_Exercise input_:
════════

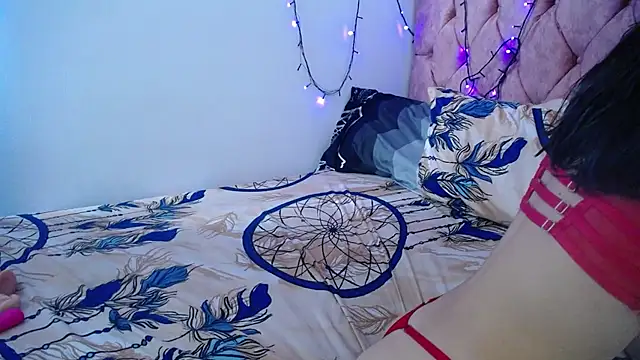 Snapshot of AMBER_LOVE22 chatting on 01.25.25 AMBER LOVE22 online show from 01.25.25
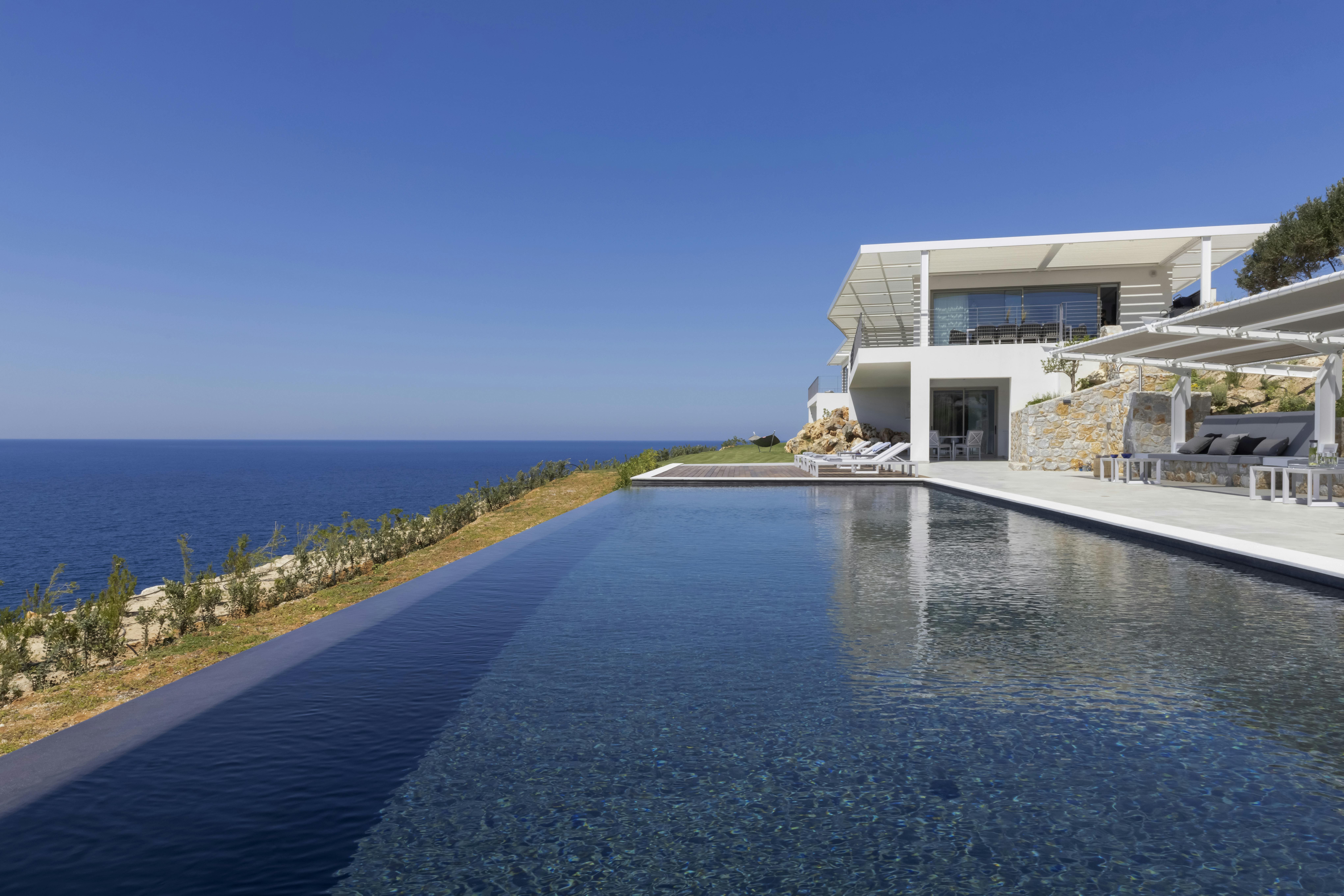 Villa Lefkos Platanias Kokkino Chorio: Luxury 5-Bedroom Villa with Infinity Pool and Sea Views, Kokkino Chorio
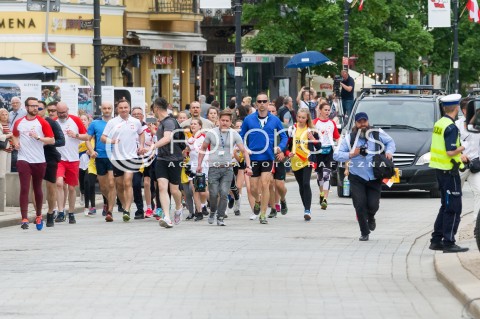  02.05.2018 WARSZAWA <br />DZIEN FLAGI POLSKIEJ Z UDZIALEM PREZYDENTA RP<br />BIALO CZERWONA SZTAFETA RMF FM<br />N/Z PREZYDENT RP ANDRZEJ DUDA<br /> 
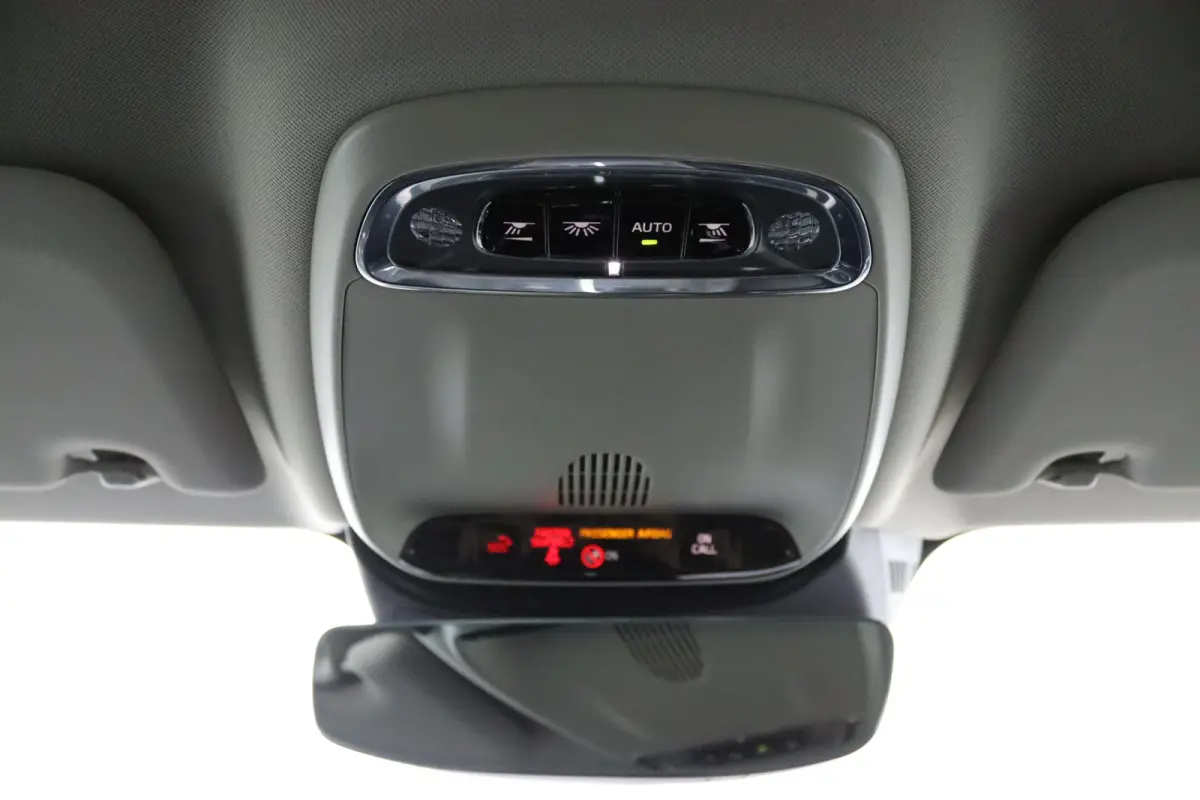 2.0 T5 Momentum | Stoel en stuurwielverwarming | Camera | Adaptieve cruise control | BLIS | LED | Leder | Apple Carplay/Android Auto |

════════

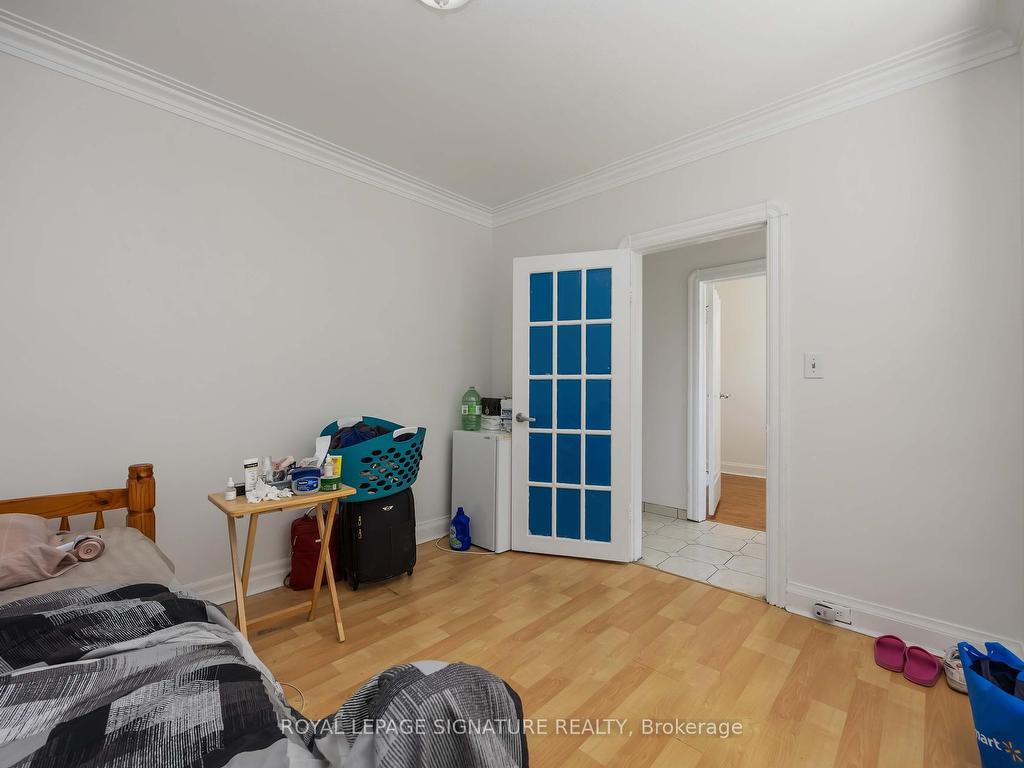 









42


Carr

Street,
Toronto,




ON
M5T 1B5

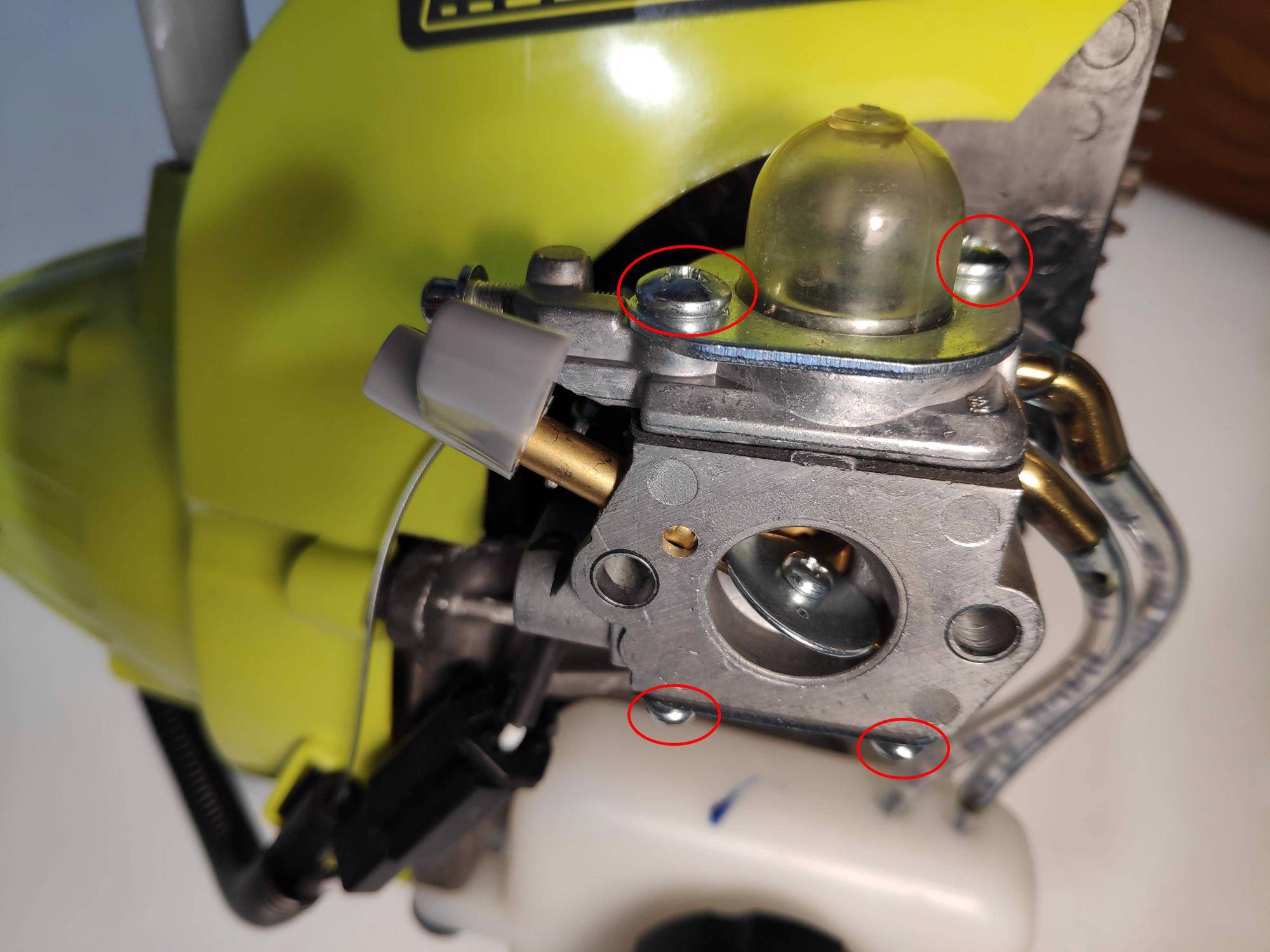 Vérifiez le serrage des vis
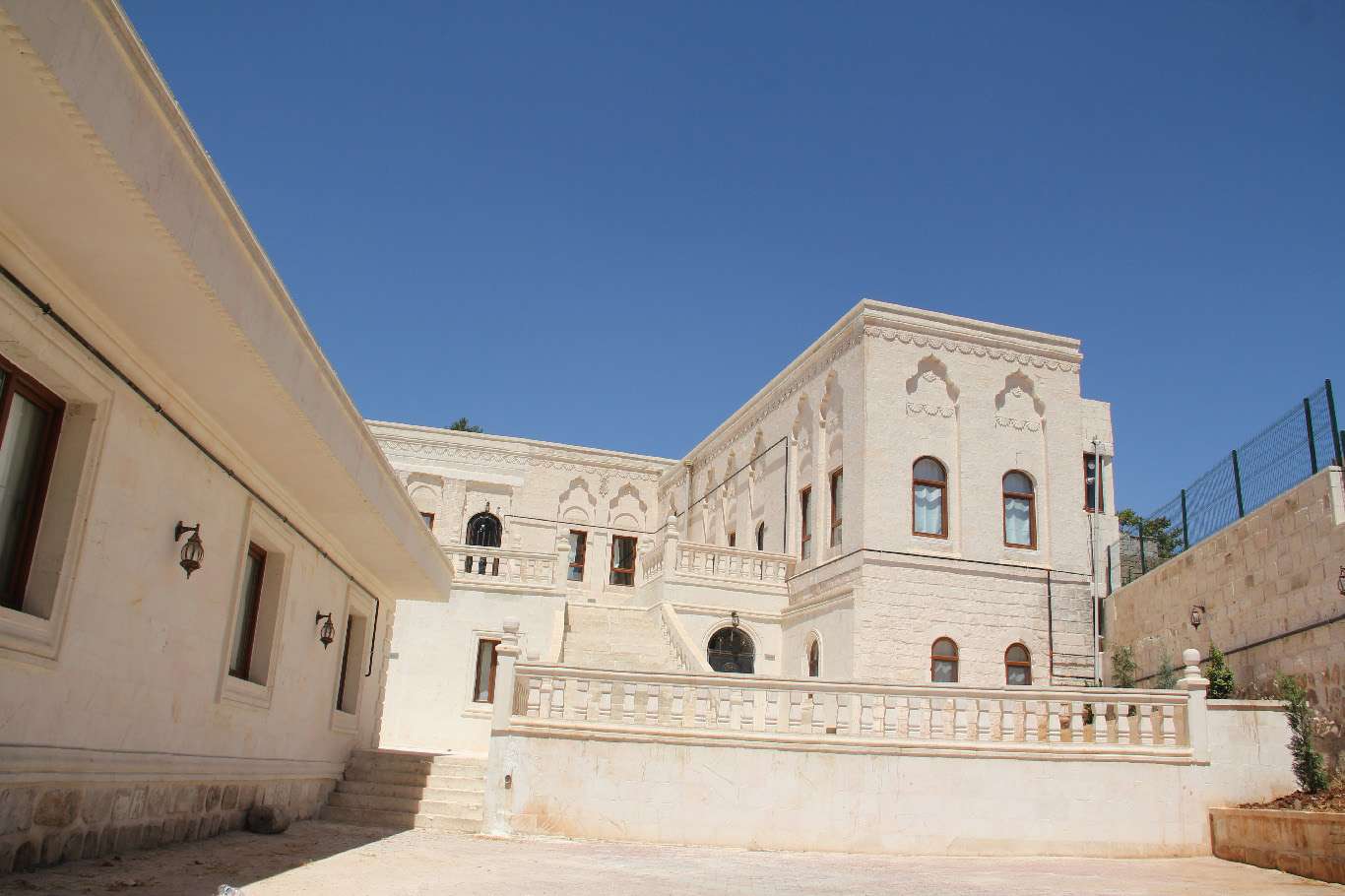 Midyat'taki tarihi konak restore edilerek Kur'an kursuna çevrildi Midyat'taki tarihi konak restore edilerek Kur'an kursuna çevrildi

════════

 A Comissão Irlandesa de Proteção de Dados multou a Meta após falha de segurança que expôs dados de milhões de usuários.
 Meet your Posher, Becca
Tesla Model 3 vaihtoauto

════════

Return exactly the lines of the material above, starting at the line containing "02.05.2018 WARSZAWA <br" and finishing at the line containing "2.0 T5 Momentum", without any pictures.

_Solution_:
  02.05.2018 WARSZAWA <br />DZIEN FLAGI POLSKIEJ Z UDZIALEM PREZYDENTA RP<br />BIALO CZERWONA SZTAFETA RMF FM<br />N/Z PREZYDENT RP ANDRZEJ DUDA<br /> 
 2.0 T5 Momentum | Stoel en stuurwielverwarming | Camera | Adaptieve cruise control | BLIS | LED | Leder | Apple Carplay/Android Auto |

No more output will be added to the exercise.